What you need to do ▸
Find the line below with "בורדו B&B La" and the line with "Kadir Gökmen Öğüt, Milletvekili". Output exactly those lines and everything between them, leaving out the pictures.

(Provided data Opens)

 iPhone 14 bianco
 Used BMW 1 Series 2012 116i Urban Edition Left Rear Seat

(Provided data Closes)
(Provided data Opens)

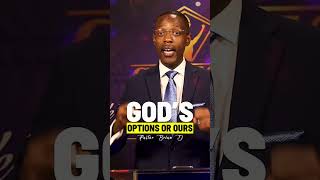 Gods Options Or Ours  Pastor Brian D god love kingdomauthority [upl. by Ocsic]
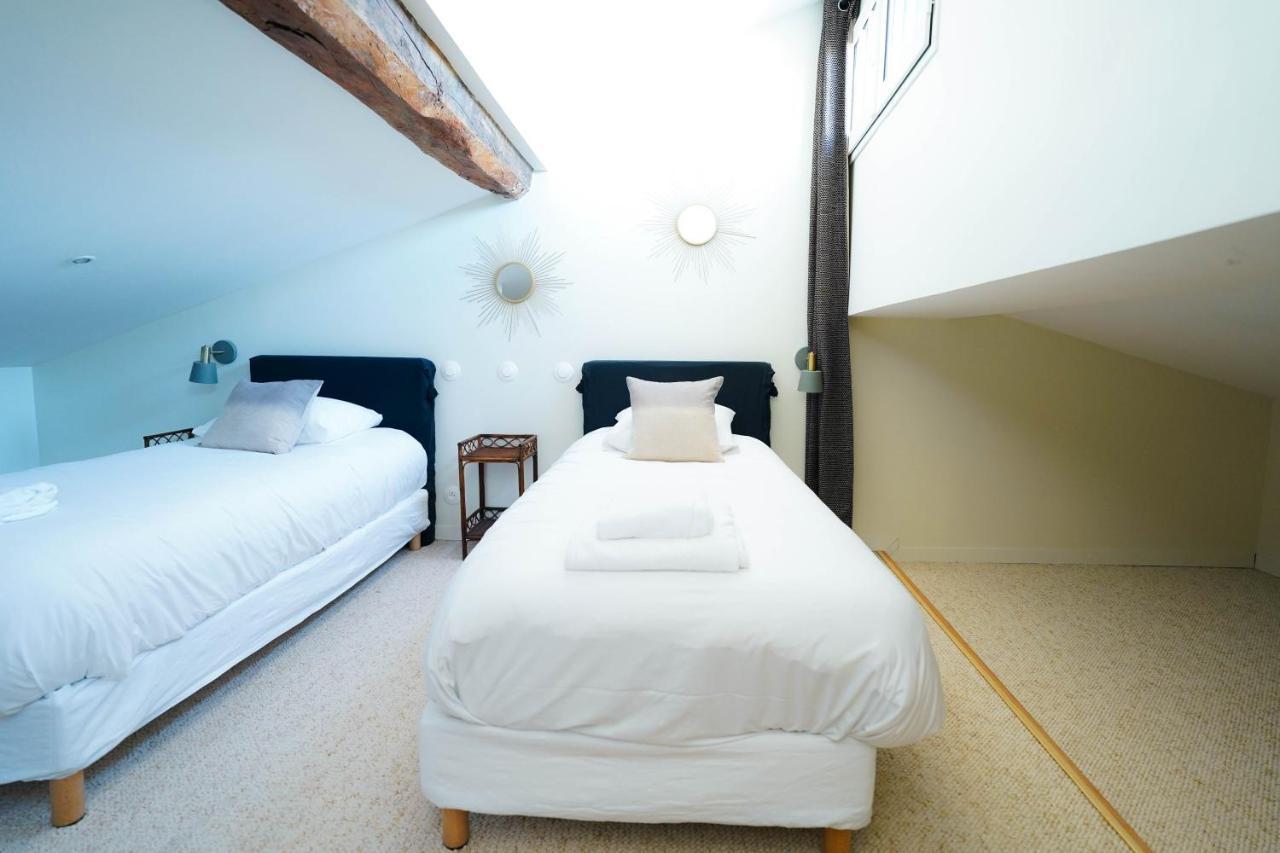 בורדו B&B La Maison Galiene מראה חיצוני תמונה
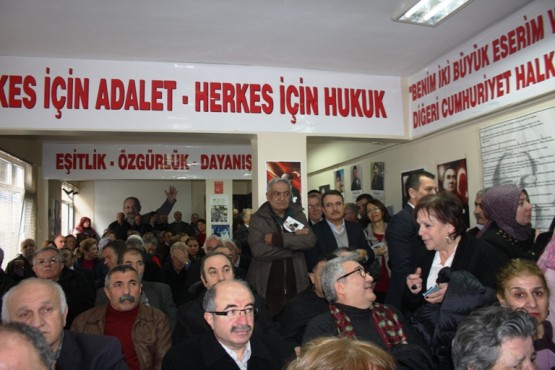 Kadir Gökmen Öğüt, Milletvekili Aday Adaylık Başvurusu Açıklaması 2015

(Provided data Closes)

Exercise solution ▸
 בורדו B&B La Maison Galiene מראה חיצוני תמונה
 Kadir Gökmen Öğüt, Milletvekili Aday Adaylık Başvurusu Açıklaması 2015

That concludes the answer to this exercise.